Satu kedai kopi yang kami singgahi bernama Fanaticoffee. Kami mampir karena inilah kedai yang terlihat paling ramai pengunjung. Lokasinya di sebelah kanan jalan. Kami memesan caffe latte dan mencobai affogato shoot. Rasanya standar, harganya pun masih reasonable.
Interior cafe juga ditata apik. Ruangan perokok dipisah. Bagi kami yang bukan perokok ada disediakan ruang di sebelah. Pemisahnya dinding dengan ornamen kaca berkusen bulat-bulat. Dari dalam kita masih bisa menikmati pemandangan lalu lalang orang maupun kendaraan di Jalan Suryakencana.

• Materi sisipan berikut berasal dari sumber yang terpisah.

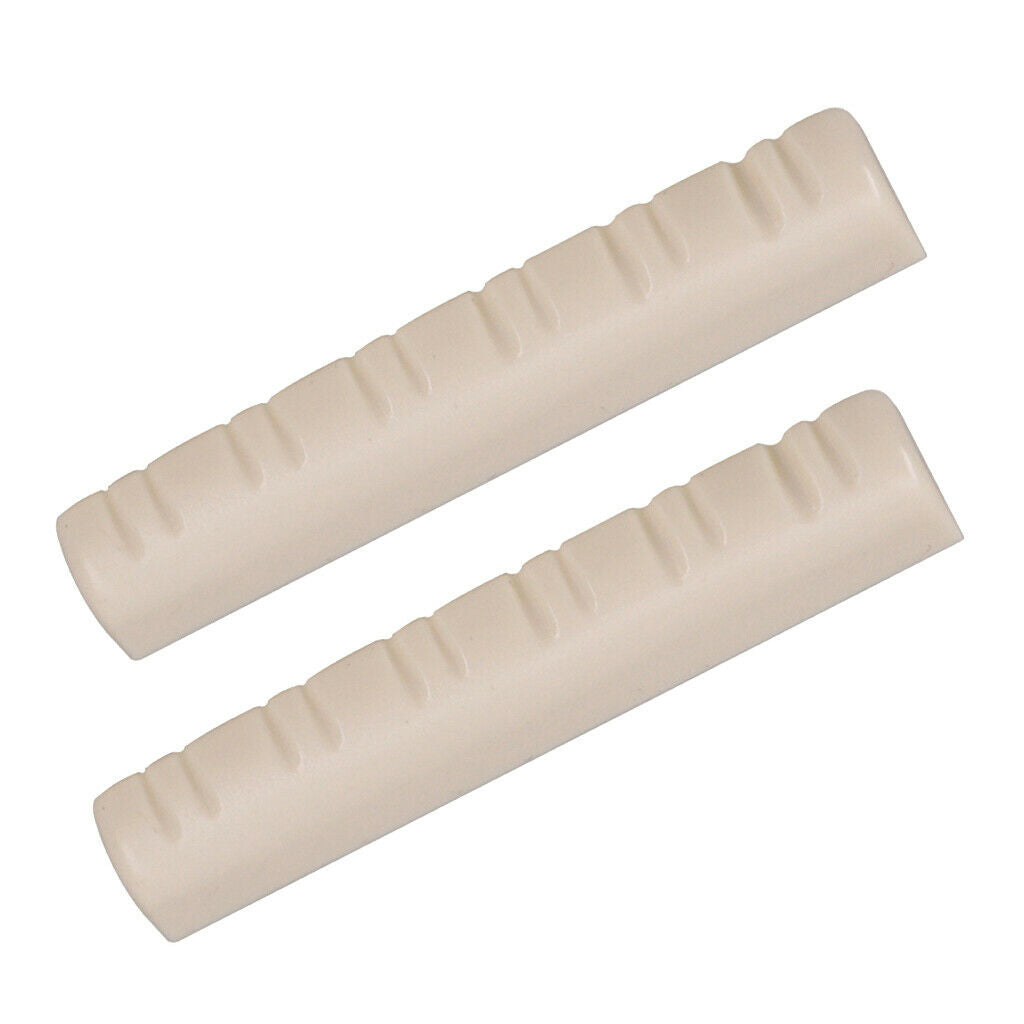 2X 2 Pieces Slotted Nuts For 12 String Acoustic Guitar Bass Replacements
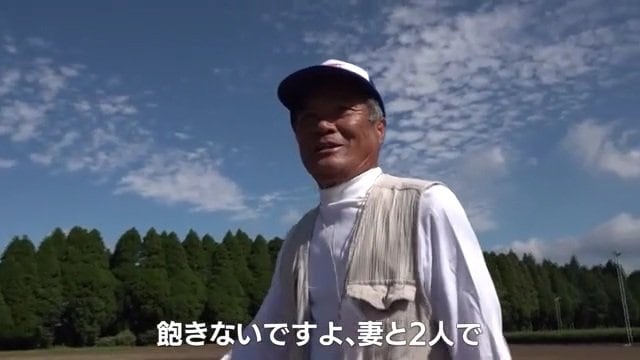 奥さまと毎日このコースを歩くと語る参加者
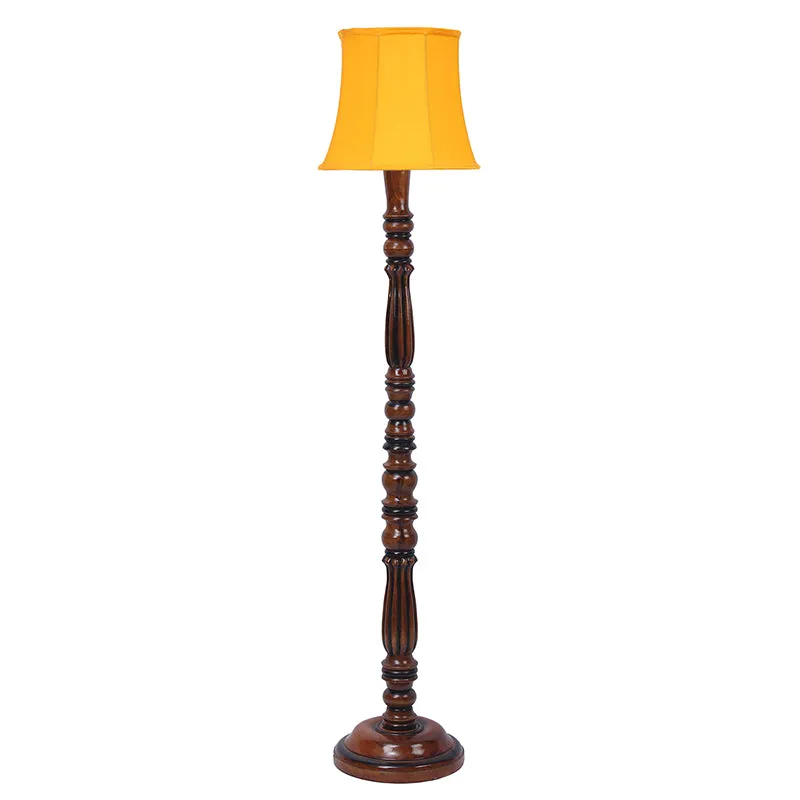 Masiya Miri Vintage Wooden Floor Lamp - Yellow media 4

Sayangnya, kehidupan di sepanjang jalan ini redup cepat karena pukul 18.00 sebagian besar toko sudah tutup, kecuali beberapa saja yang buka, seperti Ngesti yang baru tutup pada pukul 20.00. Atau warung-warung kopi dan toko roti yang rata-rata tutup pukul 22.00.
Untunglah ada Hotel 101 yang turut menggeliatkan kehidupan di sana. Berjarak sekitar 100 meter dari gerbang utama Kebun Raya Bogor, hotel ini banyak diminati pelancong. Setelah tadi rehat sejenak di toko roti Mr. Yos, perjalanan kami lanjutkan hingga ke ujung Jalan Suryakencana yang merupakan perempatan ke Gang Aut.
Di sana aktivitas masih marak. Kawasan ini ramai terus terutama karena memang sejumlah pedagang makanan menumpuk di sana. Ada soto bening, sate ayam, bakso, penjual gorengan, hingga toko roti de Paris yang legedaris. Akhirnya, perjalanan kami akhiri dengan menyantap sate ayam Madura di Gang Aut. Enak dan terjangkau, itulah kesan kami.